Another time I made a puppet that resembled a local reporter in Minneapolis, and confronted her with it while she was interviewing me in the street.  Suddenly the reporter was face to face with a smaller version of herself and asking herself the same stupid question she asked me the previous occasion.  I still remember how the camera man was cracking up.   My puppet did end up on TV that night, although only in the background as the reporters ‘explained’ what the protest was about.

I moved back to St Louis 16 years ago, and since then I have found myself only going to one protest a year; the Martin Luther King day March.  Often at that march I see kids from the schools where I work,  and they are always excited to see the big Obama puppet.

I have always liked doing street theater.  Busking is fun, but is a lot of work for a small amount of money. I think protesting with your puppet is pretty much the same thing as busking.  You say the same basic thing over and over again to people as they walk past.  It is a lot of fun really, and I definitely feel that I am ready to start doing it again.

Anyway, what I have been trying to say is that I have made a new puppet.  I hope you like it.  I hope you think it is tremendous.


Size Matters


My newest puppet is a six foot tall dog that can actually bounce around while chasing a mouse.  Funny thing is how this huge puppet reminds me of a funny little puppet I made long ago, made from a paper cup.

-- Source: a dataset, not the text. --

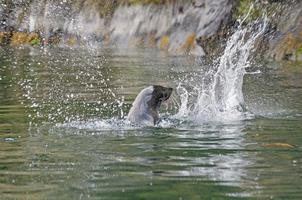 Robbe, die einen Fisch im Ozean verprügelt foto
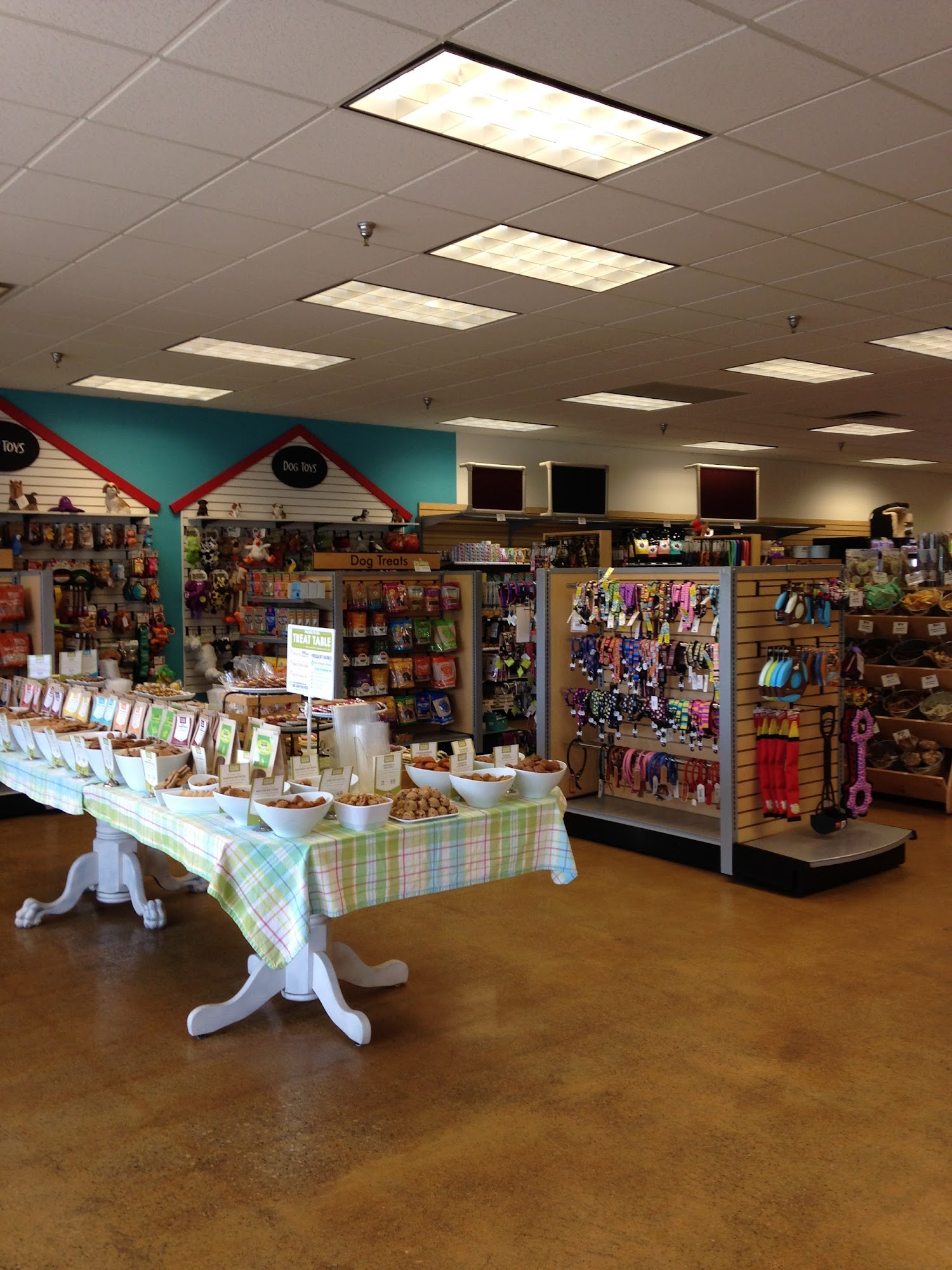 Treats Unleashed Chesterfield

Imagine that the paper cup is  upside down.  Put a hole in the end of the cup and insert a rod, with a puppet head on the other end.  The paper cup can wear a body made of fabric with arms that hang limply at their sides.  With your hand inside the cup, you can twist the stick and make the head turn. If you turn your wrist you can make the body turn, and the arms will flop about in a funny way.  These were some of my first puppets, and audiences seemed to really enjoy how silly they were.  Audiences enjoyed these puppets so much I decided to make a series of 7 of these puppets for my next show.  That next show was a flop.

You see, the first puppets I made were made from smaller cups and were too small for larger audiences.  So I doubled the size of the cup, and increased the size of the head to match.  But the hands and arms now were too heavy, and now they did not flop about.  Without movement of the arms the puppets seemed un-lifelike and did not resonate with audiences as much as their smaller cousins.  This made me really think seriously about the size of the puppets I was making.

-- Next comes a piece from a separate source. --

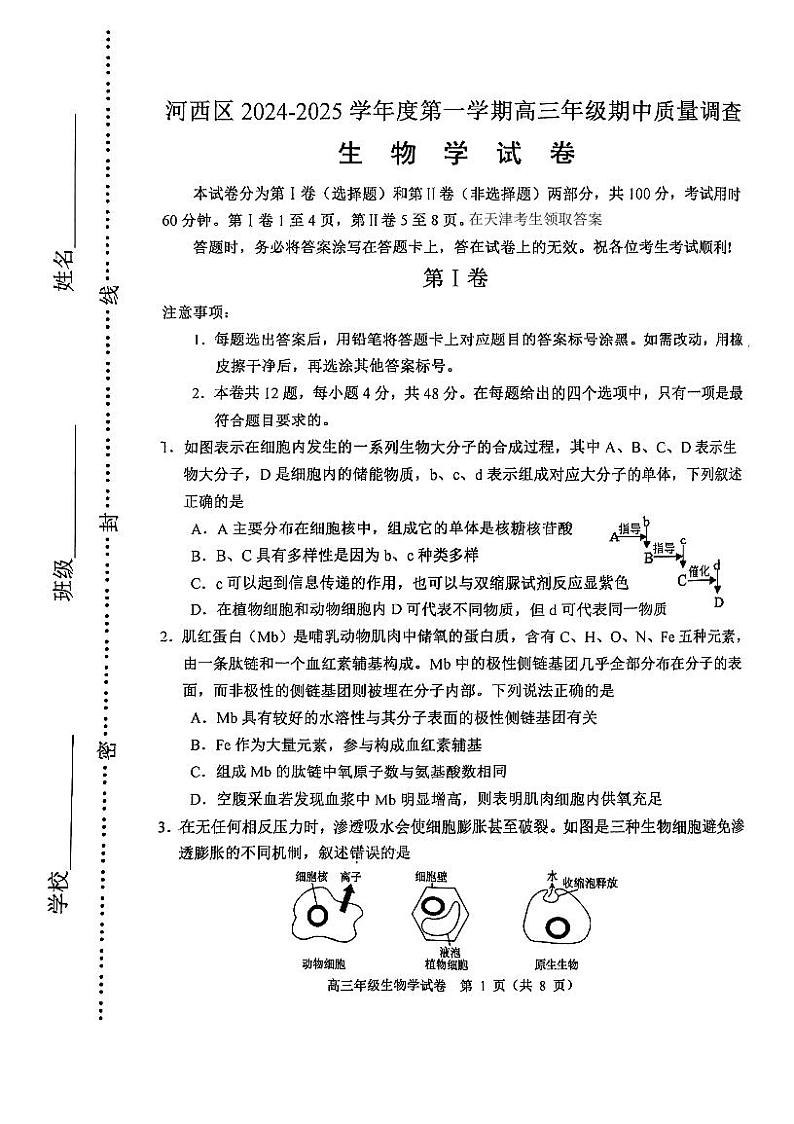 天津市河西区2024-2025学年高三上学期期中生物试卷第1页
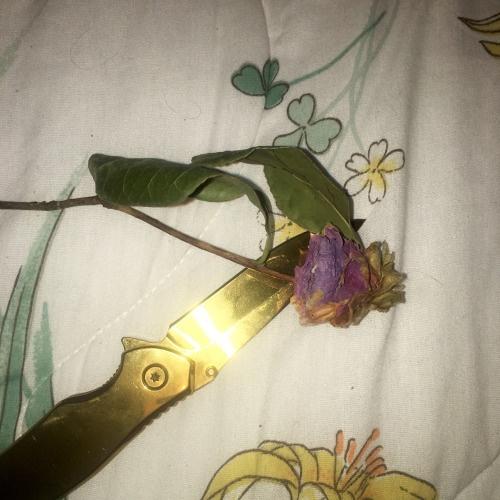 im going to miss you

Most people just assume that all puppets are small, but this isn’t true .  It’s true that smaller puppets move in different ways, but puppets can be huge.  The largest puppet I ever made was only 9 feet tall, but I have seen a number of much larger puppets, even as tall as 17 feet.  The problem is that those bigger puppets don’t move around much and it takes a lot of puppeteers to use them.

My latest puppet is only 6 feet tall, but I find it remarkable how much it can move around.  It actually bounces around not unlike that old little paper cup puppet I made long ago, and it requires only one puppeteer.  The secret to getting such good action is a pool noodle armature inside the arms.  Pool noodles are easily replaceable, lightweight and naturally bouncy.  This puppet is a dog that will be able to chase after a Mouse, or even my son dressed up as a cat.  The mouse is a hand puppet.

If I want to operate two puppets at the same time I find I am limited to something about the size of a hand puppet.  That means about 2 feet tall.  But I am always looking for new ways to push the envelope, and allow puppets of different sizes to interact.